Erneuerung von Zahnersatz nach vier Jahren

 | Gericht:  Landgericht (LG) Koblenz  | Aktenzeichen: 6 S 112/15 | Entscheidung:  Urteil
Kategorie Gebühren

Urteilstext


Tenor

Die 6. Zivilkammer des Landgerichts Koblenz hat durch den Vorsitzenden Richter am Landgericht, die Richterin am Landgericht und die Richterin am Landgericht auf Grund der mündlichen Verhandlung vom 30.06.2015 für Recht erkannt:

1.
Auf die Berufung der Klägerin wird das Urteil des Amtsgerichts Koblenz vom 12.03.2015, Az. 152 C 2855/13, teilweise abgeändert und wie folgt neu gefasst:

Der Beklagte wird verurteilt, an die Klägerin einen Betrag in Höhe von EUR 4.394,73 nebst Zinsen in Höhe von fünf Prozentpunkten über dem Basiszinssatz seit dem 17.12.2013 zu zahlen.

Im übrigen wird die Klage abgewiesen.

2.
Der Beklagte hat die Kosten des Rechtsstreits zu tragen.

3.
Das Urteil ist vorläufig vollstreckbar.


Tatbestand

Die Klägerin begehrt von der beklagten Versicherung Ersatz der Kosten für eine Zahnheilbehandlung.

Wegen der Einzelheiten wird auf die Feststellungen in dem angefochtenen Urteil (Bl. 117 ff. d.
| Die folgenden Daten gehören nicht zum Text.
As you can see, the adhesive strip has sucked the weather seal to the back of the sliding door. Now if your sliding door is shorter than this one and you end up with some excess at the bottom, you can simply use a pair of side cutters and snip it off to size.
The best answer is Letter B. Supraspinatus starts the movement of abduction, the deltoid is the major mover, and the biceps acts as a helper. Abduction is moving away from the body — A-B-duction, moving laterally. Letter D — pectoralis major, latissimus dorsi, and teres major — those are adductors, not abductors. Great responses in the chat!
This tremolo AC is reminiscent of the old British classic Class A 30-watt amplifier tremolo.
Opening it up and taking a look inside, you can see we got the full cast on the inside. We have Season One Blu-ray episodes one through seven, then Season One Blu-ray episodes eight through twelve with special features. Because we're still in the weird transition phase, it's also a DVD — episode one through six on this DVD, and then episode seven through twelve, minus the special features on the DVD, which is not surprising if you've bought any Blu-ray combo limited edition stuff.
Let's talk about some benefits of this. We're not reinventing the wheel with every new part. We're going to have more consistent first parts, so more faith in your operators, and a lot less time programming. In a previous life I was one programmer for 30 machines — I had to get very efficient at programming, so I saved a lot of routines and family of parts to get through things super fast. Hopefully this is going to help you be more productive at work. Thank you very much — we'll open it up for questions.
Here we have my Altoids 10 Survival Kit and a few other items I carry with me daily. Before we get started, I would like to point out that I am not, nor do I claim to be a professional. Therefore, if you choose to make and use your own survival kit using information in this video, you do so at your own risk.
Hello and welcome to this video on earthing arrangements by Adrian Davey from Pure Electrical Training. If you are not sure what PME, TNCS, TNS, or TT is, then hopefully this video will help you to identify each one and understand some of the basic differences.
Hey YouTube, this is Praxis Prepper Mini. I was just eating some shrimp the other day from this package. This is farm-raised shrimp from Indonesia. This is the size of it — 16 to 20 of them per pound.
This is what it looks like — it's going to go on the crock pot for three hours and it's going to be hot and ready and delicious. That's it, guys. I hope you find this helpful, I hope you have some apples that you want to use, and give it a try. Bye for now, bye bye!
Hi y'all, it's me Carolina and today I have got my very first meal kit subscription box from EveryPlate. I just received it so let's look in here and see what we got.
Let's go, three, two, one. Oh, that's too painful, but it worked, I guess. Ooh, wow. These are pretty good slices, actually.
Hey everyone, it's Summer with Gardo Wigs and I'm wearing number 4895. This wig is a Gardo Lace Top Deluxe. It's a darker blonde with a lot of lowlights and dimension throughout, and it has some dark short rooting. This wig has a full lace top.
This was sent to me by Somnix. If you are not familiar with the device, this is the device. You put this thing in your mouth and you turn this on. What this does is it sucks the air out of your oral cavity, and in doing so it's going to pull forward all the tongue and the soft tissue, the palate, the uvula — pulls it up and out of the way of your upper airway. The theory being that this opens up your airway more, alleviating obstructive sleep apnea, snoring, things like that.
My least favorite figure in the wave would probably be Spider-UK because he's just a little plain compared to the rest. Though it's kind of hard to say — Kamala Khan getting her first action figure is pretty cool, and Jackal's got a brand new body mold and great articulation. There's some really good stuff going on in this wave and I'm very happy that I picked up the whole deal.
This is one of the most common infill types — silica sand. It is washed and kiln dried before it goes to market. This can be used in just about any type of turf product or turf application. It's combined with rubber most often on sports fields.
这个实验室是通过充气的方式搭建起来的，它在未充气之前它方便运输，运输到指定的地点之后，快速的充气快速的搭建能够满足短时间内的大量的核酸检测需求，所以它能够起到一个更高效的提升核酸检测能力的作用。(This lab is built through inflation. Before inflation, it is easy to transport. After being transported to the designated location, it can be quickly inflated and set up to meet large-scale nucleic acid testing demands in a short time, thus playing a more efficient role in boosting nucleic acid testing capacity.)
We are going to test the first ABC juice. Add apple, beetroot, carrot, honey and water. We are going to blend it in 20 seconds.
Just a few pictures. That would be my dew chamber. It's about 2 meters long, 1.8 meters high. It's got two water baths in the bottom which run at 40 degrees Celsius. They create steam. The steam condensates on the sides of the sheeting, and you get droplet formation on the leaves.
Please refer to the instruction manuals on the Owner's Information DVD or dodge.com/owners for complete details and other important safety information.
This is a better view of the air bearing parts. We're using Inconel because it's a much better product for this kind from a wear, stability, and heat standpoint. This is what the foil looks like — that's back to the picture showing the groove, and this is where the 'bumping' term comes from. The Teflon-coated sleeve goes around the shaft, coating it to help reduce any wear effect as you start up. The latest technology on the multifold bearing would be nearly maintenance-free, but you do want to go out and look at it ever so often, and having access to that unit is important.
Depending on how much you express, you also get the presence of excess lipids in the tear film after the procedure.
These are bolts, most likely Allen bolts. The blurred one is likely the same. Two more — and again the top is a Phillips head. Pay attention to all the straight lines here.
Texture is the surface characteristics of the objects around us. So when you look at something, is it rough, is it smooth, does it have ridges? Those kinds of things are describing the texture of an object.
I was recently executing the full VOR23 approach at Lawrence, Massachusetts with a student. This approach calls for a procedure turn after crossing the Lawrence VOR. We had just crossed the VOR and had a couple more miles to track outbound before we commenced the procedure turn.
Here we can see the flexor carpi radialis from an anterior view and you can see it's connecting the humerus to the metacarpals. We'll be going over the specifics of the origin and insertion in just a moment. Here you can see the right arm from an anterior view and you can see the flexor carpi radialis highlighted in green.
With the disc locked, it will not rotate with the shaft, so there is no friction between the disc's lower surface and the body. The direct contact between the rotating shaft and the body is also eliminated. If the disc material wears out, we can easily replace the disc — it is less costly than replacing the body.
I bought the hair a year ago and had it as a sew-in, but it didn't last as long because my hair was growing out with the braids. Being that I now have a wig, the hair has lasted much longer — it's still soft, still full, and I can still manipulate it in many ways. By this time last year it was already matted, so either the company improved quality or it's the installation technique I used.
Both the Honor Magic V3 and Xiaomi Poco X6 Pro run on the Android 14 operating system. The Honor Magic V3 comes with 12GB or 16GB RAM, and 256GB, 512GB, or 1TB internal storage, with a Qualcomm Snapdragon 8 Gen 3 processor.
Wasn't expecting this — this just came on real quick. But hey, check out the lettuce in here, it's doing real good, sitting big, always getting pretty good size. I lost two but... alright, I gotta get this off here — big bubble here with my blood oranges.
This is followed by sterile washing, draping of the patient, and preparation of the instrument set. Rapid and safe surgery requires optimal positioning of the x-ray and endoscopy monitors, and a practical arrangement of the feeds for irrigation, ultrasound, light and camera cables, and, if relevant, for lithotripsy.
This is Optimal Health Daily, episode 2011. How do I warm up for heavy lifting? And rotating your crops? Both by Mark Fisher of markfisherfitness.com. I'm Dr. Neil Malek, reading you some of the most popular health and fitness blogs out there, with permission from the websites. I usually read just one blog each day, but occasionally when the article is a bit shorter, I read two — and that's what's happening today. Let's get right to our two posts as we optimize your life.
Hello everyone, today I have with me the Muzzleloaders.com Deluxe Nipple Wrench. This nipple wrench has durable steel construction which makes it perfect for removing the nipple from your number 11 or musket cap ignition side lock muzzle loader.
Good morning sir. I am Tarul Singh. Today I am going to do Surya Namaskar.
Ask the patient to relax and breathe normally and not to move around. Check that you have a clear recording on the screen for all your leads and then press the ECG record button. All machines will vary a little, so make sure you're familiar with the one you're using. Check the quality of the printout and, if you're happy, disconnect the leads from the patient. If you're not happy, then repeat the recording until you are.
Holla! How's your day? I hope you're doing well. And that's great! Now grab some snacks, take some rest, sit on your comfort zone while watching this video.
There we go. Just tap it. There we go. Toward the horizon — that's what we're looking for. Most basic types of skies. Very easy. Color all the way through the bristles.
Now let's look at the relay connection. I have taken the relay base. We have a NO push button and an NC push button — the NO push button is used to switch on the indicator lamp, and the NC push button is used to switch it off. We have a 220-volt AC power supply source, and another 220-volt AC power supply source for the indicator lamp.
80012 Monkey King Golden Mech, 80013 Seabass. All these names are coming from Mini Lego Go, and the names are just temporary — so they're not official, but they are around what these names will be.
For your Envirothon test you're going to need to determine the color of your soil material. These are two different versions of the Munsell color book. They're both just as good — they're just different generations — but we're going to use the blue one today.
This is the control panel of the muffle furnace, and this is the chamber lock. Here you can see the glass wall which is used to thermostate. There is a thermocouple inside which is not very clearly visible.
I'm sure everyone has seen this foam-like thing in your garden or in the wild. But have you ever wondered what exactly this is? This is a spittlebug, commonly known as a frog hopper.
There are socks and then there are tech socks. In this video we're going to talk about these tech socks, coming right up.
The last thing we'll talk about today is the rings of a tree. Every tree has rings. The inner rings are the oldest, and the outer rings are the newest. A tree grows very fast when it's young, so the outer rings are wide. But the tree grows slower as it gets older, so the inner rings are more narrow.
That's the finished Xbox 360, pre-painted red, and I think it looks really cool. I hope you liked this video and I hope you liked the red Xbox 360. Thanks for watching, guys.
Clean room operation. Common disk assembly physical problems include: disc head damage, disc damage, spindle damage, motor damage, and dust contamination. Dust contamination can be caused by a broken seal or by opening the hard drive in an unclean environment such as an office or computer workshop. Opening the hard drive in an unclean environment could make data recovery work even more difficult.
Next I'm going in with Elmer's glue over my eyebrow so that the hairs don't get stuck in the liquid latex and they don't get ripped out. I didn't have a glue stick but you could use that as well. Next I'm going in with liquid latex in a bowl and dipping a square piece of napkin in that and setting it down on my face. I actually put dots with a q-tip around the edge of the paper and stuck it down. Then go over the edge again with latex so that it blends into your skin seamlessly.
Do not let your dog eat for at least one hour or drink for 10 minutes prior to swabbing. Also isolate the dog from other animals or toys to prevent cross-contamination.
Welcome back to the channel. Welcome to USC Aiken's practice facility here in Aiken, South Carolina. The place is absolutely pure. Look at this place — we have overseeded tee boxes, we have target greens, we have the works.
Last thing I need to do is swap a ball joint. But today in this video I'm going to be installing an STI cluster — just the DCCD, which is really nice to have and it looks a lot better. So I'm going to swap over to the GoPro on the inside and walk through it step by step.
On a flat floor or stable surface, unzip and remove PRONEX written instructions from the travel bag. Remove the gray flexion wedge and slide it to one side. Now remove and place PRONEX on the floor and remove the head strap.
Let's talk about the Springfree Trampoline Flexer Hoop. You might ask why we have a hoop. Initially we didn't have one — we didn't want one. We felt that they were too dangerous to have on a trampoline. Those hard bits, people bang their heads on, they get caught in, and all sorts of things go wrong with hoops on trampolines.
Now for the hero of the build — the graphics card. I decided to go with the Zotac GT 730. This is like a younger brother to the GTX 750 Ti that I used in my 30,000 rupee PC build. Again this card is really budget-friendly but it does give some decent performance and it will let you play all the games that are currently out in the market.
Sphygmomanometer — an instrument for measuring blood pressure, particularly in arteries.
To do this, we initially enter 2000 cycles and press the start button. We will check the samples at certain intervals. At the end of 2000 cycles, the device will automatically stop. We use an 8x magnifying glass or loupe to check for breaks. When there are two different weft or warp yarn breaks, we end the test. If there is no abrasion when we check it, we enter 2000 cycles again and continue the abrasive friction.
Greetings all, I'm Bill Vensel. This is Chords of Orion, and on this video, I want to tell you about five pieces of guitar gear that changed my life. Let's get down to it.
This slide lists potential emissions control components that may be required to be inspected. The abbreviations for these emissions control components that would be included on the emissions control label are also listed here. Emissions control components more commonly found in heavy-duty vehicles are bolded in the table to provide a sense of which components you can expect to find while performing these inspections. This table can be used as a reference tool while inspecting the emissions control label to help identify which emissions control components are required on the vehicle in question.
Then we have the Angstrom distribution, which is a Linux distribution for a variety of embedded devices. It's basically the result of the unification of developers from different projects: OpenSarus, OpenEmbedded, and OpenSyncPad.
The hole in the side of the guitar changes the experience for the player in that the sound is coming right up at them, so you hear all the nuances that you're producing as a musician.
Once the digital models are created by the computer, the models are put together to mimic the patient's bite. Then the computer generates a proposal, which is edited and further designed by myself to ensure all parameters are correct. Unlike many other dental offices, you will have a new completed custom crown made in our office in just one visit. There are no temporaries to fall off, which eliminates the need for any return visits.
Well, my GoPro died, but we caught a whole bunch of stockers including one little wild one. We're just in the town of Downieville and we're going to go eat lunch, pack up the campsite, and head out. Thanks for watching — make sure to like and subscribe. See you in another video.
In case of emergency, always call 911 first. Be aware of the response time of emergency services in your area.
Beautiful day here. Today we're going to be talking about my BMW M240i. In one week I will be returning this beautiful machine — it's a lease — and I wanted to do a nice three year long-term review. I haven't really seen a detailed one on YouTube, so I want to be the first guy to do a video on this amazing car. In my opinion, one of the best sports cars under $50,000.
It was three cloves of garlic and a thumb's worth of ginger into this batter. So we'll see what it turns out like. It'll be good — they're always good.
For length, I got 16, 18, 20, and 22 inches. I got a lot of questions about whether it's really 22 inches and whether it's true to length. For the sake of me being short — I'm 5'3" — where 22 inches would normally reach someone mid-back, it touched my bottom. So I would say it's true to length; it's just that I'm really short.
GA) Bezug genommen (§ 540 Abs. 1 Nr. 1 ZPO).

Das Amtsgericht hat die Klage mit der Begründung abgewiesen, die Klägerin habe die Erneuerungsbedürftigkeit des implantatgetragenen Oberkieferzahnersatzes und damit die medizinische Notwendigkeit der Heilbehandlung nicht nachgewiesen.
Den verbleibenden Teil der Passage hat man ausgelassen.